For $\rho = (\rho_1 \cup \rho_2)$ (union):
- Construct $G_{\rho_1}$ and $G_{\rho_2}$ recursively
- $G_\rho = \text{union}(G_{\rho_1}, G_{\rho_2})$
For $\rho = (\rho_1 \circ \rho_2)$ (concatenation):
- Construct $G_{\rho_1}$ and $G_{\rho_2}$ recursively
- $G_\rho = \text{concatenate}(G_{\rho_1}, G_{\rho_2})$
For $\rho = \rho_1^*$ (Kleene star):
- Construct $G_{\rho_1}$ recursively
- $G_\rho = \text{kleene}(G_{\rho_1})$

Let’s implement this conversion algorithm:

\[ \text{regex2nfa}(\rho) = \begin{cases} \langle \{q_0, q_1\}, \Sigma, \emptyset, q_0, \emptyset \rangle & \text{if } \rho = \emptyset \\ \langle \{q_0\}, \Sigma, \emptyset, q_0, \{q_0\} \rangle & \text{if } \rho = \epsilon \\ \langle \{q_0, q_1\}, \Sigma, \{(q_0, a) \mapsto \{q_1\}\}, q_0, \{q_1\} \rangle & \text{if } \rho = a \in \Sigma \\ \text{union}(\text{regex2nfa}(\rho_1), \text{regex2nfa}(\rho_2)) & \text{if } \rho = (\rho_1 \cup \rho_2) \\ \text{concatenate}(\text{regex2nfa}(\rho_1), \text{regex2nfa}(\rho_2)) & \text{if } \rho = (\rho_1 \circ \rho_2) \\ \text{kleene}(\text{regex2nfa}(\rho_1)) & \text{if } \rho = \rho_1^* \end{cases} \]

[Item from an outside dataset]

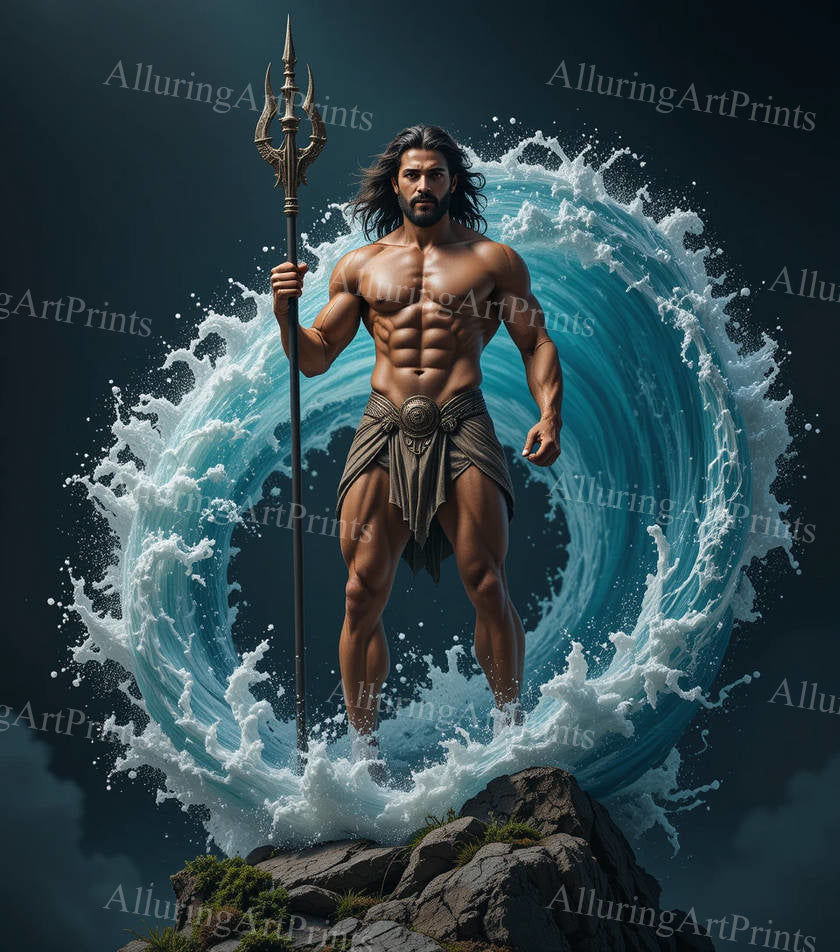 Male Model Muscular Digital Art AI Fantasy - 488D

Translating NFAs to Regular Expressions

We’ve seen how to convert a regular expression to an NFA. Now let’s explore the reverse: converting an NFA to an equivalent regular expression.

Given an NFA $G = \langle Q, \Sigma, \delta, q_0, F \rangle$, we can construct a regular expression $\rho$ such that $\mathbb{L}(G) = \mathbb{L}(\rho)$.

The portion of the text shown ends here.